● **YOUR GOAL**: When a line of the entries contains "Print", please list that line.

● **Dataset entries**:
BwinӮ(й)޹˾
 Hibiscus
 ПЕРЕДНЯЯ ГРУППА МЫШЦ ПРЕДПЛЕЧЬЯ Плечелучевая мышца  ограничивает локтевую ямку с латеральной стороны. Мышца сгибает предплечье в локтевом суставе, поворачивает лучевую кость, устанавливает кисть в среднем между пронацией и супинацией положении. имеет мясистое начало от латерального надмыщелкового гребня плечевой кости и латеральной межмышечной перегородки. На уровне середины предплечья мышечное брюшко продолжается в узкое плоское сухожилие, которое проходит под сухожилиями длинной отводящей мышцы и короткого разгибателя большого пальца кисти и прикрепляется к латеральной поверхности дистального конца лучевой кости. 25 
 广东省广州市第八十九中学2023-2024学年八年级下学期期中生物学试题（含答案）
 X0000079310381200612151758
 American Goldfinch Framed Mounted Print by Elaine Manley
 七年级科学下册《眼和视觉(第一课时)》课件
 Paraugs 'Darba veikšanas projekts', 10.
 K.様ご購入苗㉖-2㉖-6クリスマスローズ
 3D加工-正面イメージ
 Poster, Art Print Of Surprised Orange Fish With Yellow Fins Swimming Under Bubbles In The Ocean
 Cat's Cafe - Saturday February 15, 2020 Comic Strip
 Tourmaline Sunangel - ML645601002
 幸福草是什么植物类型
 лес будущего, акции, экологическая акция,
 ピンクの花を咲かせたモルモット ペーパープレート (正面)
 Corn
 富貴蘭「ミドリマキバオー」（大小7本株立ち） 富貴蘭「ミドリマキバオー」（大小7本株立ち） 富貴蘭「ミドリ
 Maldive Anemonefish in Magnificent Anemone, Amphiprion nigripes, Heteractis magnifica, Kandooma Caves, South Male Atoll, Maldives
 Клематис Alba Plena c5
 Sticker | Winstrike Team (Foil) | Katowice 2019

● **FINAL ANSWER**:
 American Goldfinch Framed Mounted Print by Elaine Manley
 Poster, Art Print Of Surprised Orange Fish With Yellow Fins Swimming Under Bubbles In The Ocean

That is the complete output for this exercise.